As used herein, the term “unmodified microorganism” does not exclude strains including mutation that may occur naturally in microorganisms, and may be a wild-type strain or a natural strain itself or may be a strain before the trait is changed by genetic variation due to natural or artificial factors. For example, the unmodified microorganism may be a strain into which the variant SpoT protein described in the present specification is not introduced or has not yet been introduced. The term “unmodified microorganism” may be used interchangeably with “strain before being modified”, “microorganism before being modified”, “unvaried strain”, “unmodified strain”, “unvaried microorganism”, or “reference microorganism”.

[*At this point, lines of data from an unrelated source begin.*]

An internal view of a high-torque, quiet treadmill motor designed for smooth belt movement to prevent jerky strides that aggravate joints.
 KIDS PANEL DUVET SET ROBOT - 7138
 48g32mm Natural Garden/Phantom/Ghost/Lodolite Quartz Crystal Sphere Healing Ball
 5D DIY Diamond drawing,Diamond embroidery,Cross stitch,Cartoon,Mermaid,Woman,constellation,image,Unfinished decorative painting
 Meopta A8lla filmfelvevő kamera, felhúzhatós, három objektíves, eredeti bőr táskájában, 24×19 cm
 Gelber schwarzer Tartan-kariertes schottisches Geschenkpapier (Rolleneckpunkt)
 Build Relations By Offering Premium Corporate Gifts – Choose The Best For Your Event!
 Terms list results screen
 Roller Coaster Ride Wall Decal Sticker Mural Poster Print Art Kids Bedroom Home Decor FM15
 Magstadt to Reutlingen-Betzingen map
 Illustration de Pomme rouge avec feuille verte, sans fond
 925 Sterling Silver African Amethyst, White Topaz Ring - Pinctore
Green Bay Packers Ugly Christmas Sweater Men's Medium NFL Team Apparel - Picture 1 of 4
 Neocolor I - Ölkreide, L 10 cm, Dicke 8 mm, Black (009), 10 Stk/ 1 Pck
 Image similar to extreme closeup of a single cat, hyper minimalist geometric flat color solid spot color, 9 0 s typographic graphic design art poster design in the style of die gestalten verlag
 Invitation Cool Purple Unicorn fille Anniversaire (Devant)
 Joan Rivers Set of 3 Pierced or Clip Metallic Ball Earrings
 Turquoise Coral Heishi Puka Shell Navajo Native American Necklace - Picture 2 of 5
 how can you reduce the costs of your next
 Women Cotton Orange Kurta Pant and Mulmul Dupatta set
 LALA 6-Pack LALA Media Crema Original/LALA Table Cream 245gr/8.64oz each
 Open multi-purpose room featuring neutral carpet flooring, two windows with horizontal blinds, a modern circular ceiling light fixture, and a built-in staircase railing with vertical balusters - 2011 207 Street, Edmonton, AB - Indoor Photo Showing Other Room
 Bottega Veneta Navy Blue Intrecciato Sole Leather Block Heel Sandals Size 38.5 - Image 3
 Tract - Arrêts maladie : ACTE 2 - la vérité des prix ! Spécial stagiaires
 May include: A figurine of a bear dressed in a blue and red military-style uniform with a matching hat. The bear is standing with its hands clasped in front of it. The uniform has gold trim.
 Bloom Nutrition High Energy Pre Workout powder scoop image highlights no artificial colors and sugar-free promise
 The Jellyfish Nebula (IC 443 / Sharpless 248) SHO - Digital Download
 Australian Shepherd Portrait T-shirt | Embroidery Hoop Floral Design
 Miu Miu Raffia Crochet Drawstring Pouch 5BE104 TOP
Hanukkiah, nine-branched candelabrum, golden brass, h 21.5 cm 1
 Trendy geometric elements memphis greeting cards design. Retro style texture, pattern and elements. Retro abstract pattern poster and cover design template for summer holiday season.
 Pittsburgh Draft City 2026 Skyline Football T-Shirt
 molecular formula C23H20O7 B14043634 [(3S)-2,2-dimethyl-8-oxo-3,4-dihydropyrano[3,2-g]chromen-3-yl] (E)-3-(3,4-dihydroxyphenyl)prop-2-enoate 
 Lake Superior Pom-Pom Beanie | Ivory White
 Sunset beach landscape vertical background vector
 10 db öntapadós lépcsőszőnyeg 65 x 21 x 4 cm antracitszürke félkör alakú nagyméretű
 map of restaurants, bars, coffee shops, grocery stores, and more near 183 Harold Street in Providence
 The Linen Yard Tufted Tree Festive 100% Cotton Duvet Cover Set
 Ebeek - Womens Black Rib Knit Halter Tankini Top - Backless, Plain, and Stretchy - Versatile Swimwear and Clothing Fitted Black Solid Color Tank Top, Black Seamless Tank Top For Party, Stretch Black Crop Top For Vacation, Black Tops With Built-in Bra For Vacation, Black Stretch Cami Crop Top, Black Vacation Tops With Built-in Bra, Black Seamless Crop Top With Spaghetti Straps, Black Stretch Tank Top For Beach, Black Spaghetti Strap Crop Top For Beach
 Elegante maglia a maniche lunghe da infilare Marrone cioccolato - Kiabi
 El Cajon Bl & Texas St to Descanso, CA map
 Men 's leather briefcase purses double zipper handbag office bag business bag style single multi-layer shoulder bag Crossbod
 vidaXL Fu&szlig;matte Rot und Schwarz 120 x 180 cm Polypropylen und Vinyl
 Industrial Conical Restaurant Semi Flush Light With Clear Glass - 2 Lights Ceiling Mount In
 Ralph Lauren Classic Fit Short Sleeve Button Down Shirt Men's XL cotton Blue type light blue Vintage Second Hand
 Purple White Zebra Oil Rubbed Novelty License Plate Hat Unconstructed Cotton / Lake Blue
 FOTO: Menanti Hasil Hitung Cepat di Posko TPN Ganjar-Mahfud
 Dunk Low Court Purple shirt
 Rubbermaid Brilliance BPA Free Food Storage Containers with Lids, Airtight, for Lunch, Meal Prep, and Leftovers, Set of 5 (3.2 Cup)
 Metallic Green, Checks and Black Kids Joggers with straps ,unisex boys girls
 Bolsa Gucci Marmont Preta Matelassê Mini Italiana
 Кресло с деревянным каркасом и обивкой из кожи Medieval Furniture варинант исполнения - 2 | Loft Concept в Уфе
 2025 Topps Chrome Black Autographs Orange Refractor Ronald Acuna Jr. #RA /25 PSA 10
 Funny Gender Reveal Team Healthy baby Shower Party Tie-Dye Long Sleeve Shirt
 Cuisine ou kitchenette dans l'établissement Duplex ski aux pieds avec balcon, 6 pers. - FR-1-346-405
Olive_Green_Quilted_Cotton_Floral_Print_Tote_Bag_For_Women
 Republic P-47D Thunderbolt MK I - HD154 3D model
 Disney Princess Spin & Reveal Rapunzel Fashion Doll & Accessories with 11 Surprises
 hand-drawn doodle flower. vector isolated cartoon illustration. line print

For another example of the present disclosure, the microorganism of the present disclosure may be a microorganism of the genus Escherichia. Specifically, the microorganism may be Escherichia coli, but is not limited thereto.


With regard to the microorganism of the present disclosure, the variant SpoT protein, polynucleotide, L-amino acid, etc. are as described in other aspects.


Still another aspect of the present disclosure provides a method of producing an L-amino acid, the method including the step of culturing the microorganism of the genus Escherichia of the present disclosure in a medium.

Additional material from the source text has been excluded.